Ambassador Ichiro Fujisaki
Ambassador Ichiro Fujisaki
(© MOFA)

-Ichiro Fujisaki
Ambassador Extraordinary and Plenipotentiary
of Japan to the United States of America

With the hope that this year will be one that fulfills your hopes and desires, I wish all of you a Happy New Year.

Looking back, last year was certainly a year of change. A birth of new administration under President Obama was a historical event. Japan also saw political change, with the emergence of the Hatoyama administration.

As a result, there were three "firsts" in the Japan-U.S. relations in 2009.

One is that Hillary Clinton visited Japan in her first official overseas trip as Secretary of State.

Second, then Prime Minister Aso became the first foreign leader to be invited to the White House by President Obama.

Third, President Obama made Japan as the initial destination on his first Asian trip.

I had an opportunity to be at all these meetings which helped me realize how the U.S. values its relationship with Japan. In July, Their Majesties the Emperor and the Empress visited Hawaii and were very welcomed there. I was moved to see how graciously they treated the people they encountered.

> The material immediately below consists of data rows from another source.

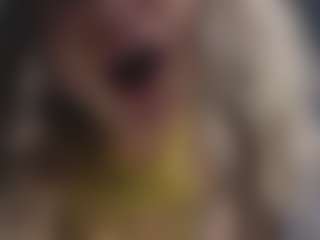 Live cam show with AliceWorn - Gamer MILF on AdultVida.com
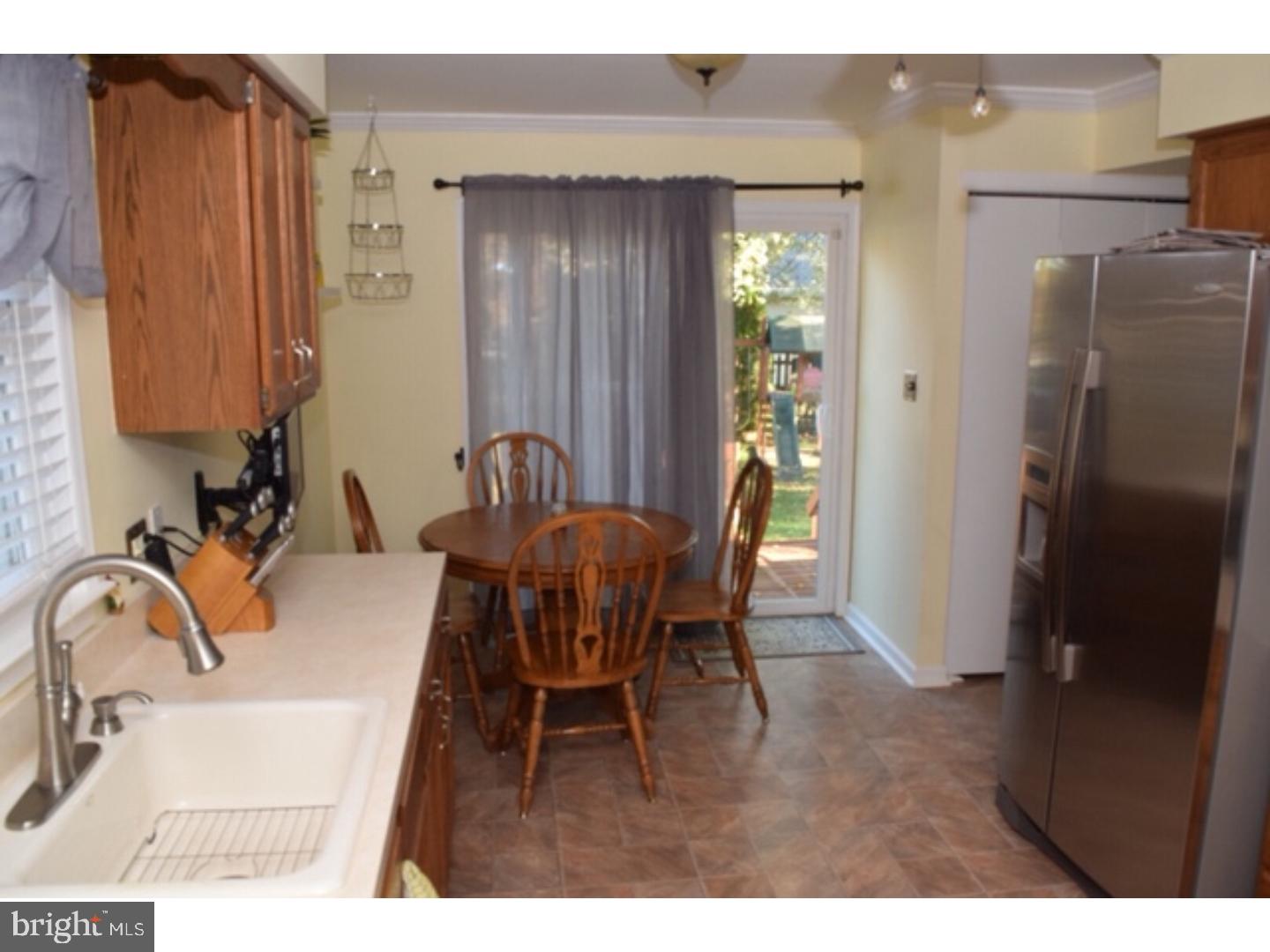 989 Rill Road Reading, PA 19606 - Photo 6 of 19 Kitchen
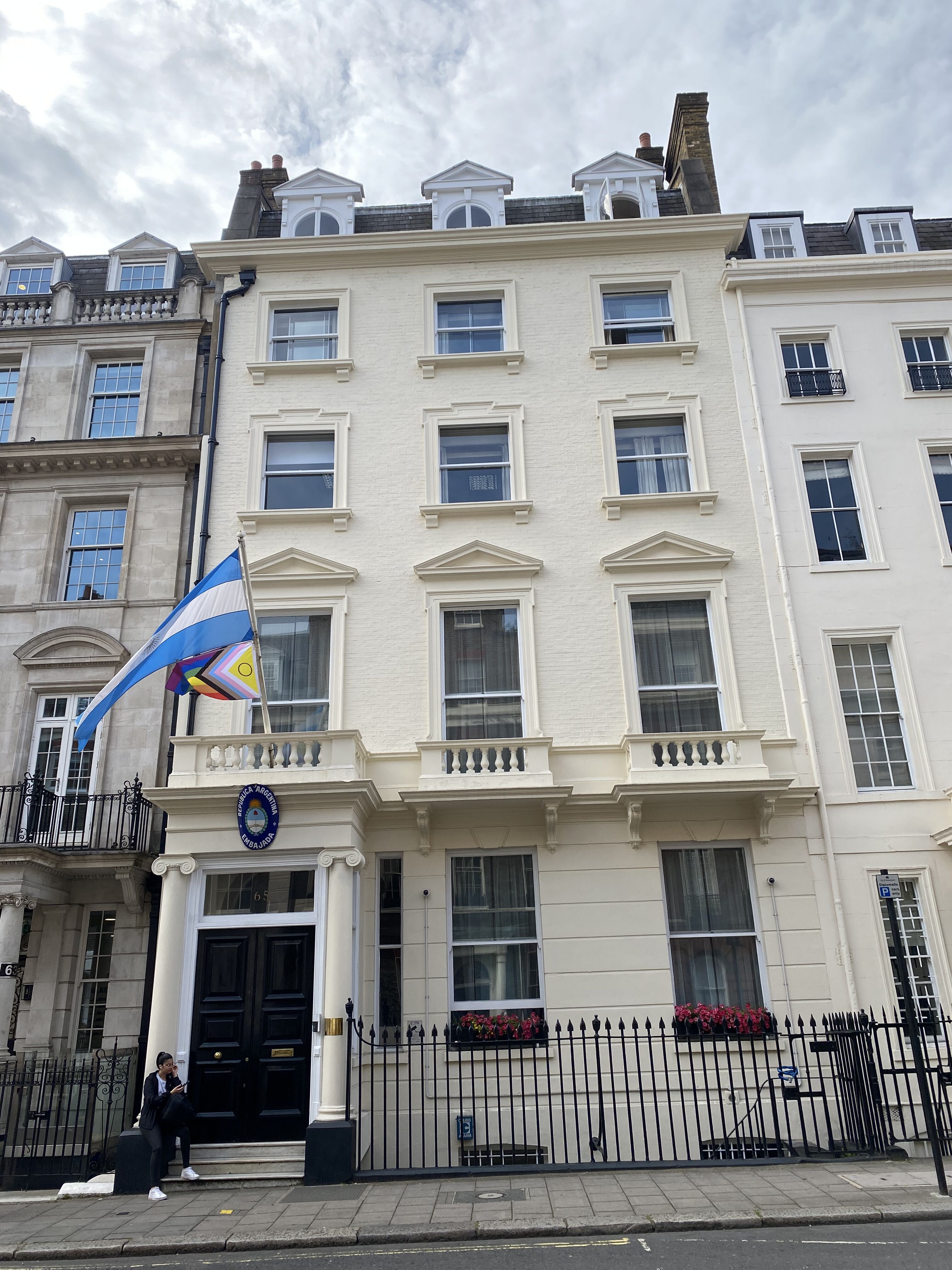 65 Brook Street, Mayfair, June 2023.jpg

As you know, we have an issue regarding U.S. military bases in Japan between our two countries. Of course, this is important, and we need to continue working toward a solution. Nevertheless, I am optimistic about the future of the Japan-U.S. relations. There are many reasons for my optimism: we share the basic values of democracy, freedom of speech, and human rights, we have the will and capability to lead the global economy as the largest and the second largest economies in the world, and we need to cooperate on many critical issues including nuclear nonproliferation, energy, and the environment. Ultimately, the most important fact is that our two peoples trust each other. According to the recent opinion polls by the Cabinet Office and others, 80% of both Americans and Japanese citizens trust and have positive feelings toward each other.

The friendship between Japan and the U.S. has been augmented a great deal by the efforts of the 400,000 Japanese citizens living in the United States, who are in their own way serving as "Ambassadors." This fact cannot be denied. I hope they continue to play a significant role as a bridge in order to strengthen the friendship between Japan and the U.S. From this point of view, we would continue to have our Embassy and Consulates General serve as an open and valuable resource for all Japanese citizens living in the United States.

This year, there are three significant events that will require close cooperation between Japan and the United States. First, 2010 marks the 50th anniversary of the signing of the Treaty of Mutual Cooperation and Security between the United States and Japan. Since 1960, this Treaty has served as the basis of the Japan-U.S. alliance. Second, the year 2010 also marks the 150th anniversary of the arrival of the first Japanese diplomatic mission to the U.S. in 1860. It was in 1860 that more than 80 Japanese diplomats visited Hawaii, San Francisco, Washington, and New York. Third, this year's APEC summit will take place in Yokohama, which will offer our two countries the opportunity to work together in tackling various global challenges, while aiming at the APEC summit that is going to take place in Hawaii next year.

I pray that this year is going to be a good year for both Japan and the U.S.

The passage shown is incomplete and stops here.